Install OpenVZ on CentOS to create a virtual container

This week’s TechMail is Install OpenVZ on CentOS to create a virtual container which discusses using the OpenVZ virtualization software. I have to admit, I’ve become extremely fond of OpenVZ. I stumbled upon it as the open source version of Virtuozzo which is used by a lot of VPS providers and I completely understand why. All I really need or want (for the most part) is a glorified chroot or BSD jail and OpenVZ fills this really nicely, without the overhead of full hardware virtualization. It’s easy to use, easy to maintain and run, and for Linux-on-Linux virtualization I think it blows away everything else I’ve tried for remote servers (vmware server? no thanks!). The fact that it’s very light-weight and very configurable have given this thing a permanent place on my internal server. I just wish it more closely followed the upstream kernel releases, but other than that, I’m loving it.

2 Comments

  1. Felix Kaechele

    Well you still have the overhead of all the virtual machines running their own init processes and such.
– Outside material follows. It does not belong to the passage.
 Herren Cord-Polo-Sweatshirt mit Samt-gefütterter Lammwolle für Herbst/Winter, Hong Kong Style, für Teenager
But that still is less that hardware virtualization :)

    Apr 21, 2009 @ 13:09:09
  2. vdanen

    Yup, very true. I have two openvz containers running now, so 3 sshd processes, 3 inits, 3 MTAs, and 3 syslogs. I think that’s all that’s duplicated. I do plan to re-tool my Annvix runit packages and use runit in the containers to make the init overhead really really small tho. =)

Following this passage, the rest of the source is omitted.